The overall architecture of CAFormer is shown in Fig. 6. We adopt a U-shaped structure that consists of an encoder, a bottleneck, and a decoder. CAFormer is built up by channel-attention former module (CAFM) and GateFusion module. Firstly, we feed the coded image $I$ into the model. Then a $3\times 3\ conv$ (convolution with $kernel\ size = 3$) layer is used to map $I$ into feature $I_0\in \mathbb {R}^{H \times W \times C}$. Secondly, CAFormer exploits $N_1$ CAFMs, $N_2$ CAFMs, and $N_3$ CAFMs to generate hierarchical features. The downsample module is a $3\times 3\ conv$ layer that down samples half scale the feature maps and doubles the channels. Thirdly, there is a bottleneck that consists of $N_4$ CAFMs. Finally, a structure opposite to the encoder is employed to decode these features. Output of our network is an HSI cube $\hat {I}\in \mathbb {R}^{H \times W \times C}$.

Fig. 6. (a) The overall architecture of CAFormer. (b) Structure of Channel-attention transformer module. (c) Structure of GateFusion module.

Download Full Size | PDF

3.2 Details of reconstruction network

Convolutional neural networks have been shown to provide a faster and more accurate hyperspectral reconstruction than iterative optimization due to their time efficiency.

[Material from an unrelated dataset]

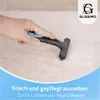 Brosse pour tapis Glissimo pour redonner du volume aux Voir les images du produit 4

With the development of neural networks, another form of neural network, transformer [37], was proposed. Transformer enhances the performance of recovery primarily by replacing the convolution with the more computationally intensive matrix multiplication within the convolutional neural network. Meanwhile, its internal connection structure is designed to make multiplication operations more efficient. Using transformer for CASSI hyperspectral reconstruction, Cai et al. [27,28] achieved the SOTA effect. We present a CAFormer network to reduce the computation of transformer and maintain the reconstruction performance at the same time.

Channel-attention Former Module. Recently researchers have come up with an idea that goes against the grain of human experience that the effectiveness of Transformer does not depend on the complexity of its computation, but rather on its overall structure. In this case, we suggest substituting a simple convolution operation for the complicated attention operation. It preserves the overall structure while reducing the calculation. In contrast, in the work of hyperspectral reconstruction, the difference from ordinary low-level tasks lies in that the spatial information of HSI cube is similar in different channels, and the spectral information between different channels is of greater significance. This property is in accordance with the channel attention operation. As shown in Fig. 6(b), we propose a CAFM to promote information recovery between spectral bands by replacing self-attention with channel-attention which greatly reduce the amount of computation. We developed the CAFormer network by stacking CAFMs with different parameters.

GateFusion. To strengthen the fusion of the same-scale features of the encoder and decoder, skip connections were used in the past to permit the decoder to borrow relevant information from the encoder. The importance of these pieces of information is different, and there will be some redundancy among them. A simple skip connection is not capable of sorting out relevant information from redundant information. So, we introduce a gate module as shown in Fig. 6(c). GateFusion can extract learnable characteristics from encoders and filter out unnecessary information, which enables computing resources to be used to reconstruct high-precision results.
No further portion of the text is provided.